The Piano

Denim in color with a fine coat of dust, and a faded Avery label at the top.  The handwritten title on the hardcover notebook read:  Will Notes – J A R Palin.

I opened the three-ring cover and found the brand “Hilroy”, size 8 1/2 x 5 1/5.The inside was a hounds tooth pattern, black and white.  The yellowed edged paper with rounded corners framed my father-in-law’s handwriting.  And what was the first item he wrote about willing to someone?  The Piano.

I skimmed through, from beginning to end of this first special notation to find the date:    April 8th, 1990, and the name of the person who was to receive the piano.

I scampered out to the shop where my husband was helping me take some staples out of a project and I showed him the treasure.  Together we read through the notes, me aloud and he silently until I came upon a town or a word I couldn’t make out, then he would interject and we’d continue.  The piano began its travels in 1911, from Oshawa, Ontario to Flaxcombe, Saskatchewan….and on the story goes.  Something about rain and getting stored in a tent while a house was being built.  Water damage then lending it to a piano teacher, and so on….

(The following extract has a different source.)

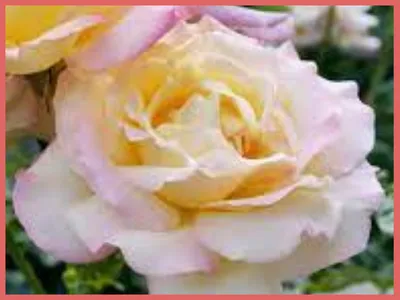 Мохана (Mohana): продажа, цена в Киевской области. Рассада и саженцы цветов  от \"EDROSES\" - 1350982805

It was late when I plucked this little gem off the shelf.  I had already found two mechanic manuals that I placed in our son’s room on his shelf next to his hat collection.  I was sure he would appreciate the sentiment.  Dad had probably given them to him a while ago and somehow they had gotten misplaced and forgotten.  They boasted the year 1977.             I couldn’t begin to imagine how the art of mechanics had changed since then.

But this little notebook, I had not seen before.  Unfortunately there were not enough of Dad’s precious handwritten notes.  Not that he didn’t leave lots of stories, and a family genealogy complete with pictures – he did.  It’s just that once a person is gone, what is left never seems to be enough.  The more stories you can find the clearer you may hear his voice?

The notes on the piano should be scanned and reprinted and preserved for her.  On some vintage card stock perhaps.  I picked up my first ever meter of music fabric the other day, it would serve as a great backdrop.  The project would be nothing short of perfection if we could frame the actual handwritten notes, but they’re double-sided, and we can’t miss a single word of the story, the curve, the scrawl, the shape of who he was at the end of each stroke of his pen.  A reprinted version will do, with the originals in an envelope on the back.  It will be as if it was always meant to be, and the project may even find its place hanging above the actual piano in their home.  What’s a piano without the history?

Thank you Dad for taking the time to write out so many little details about so many things that were important to you.  They are important to us and we are grateful!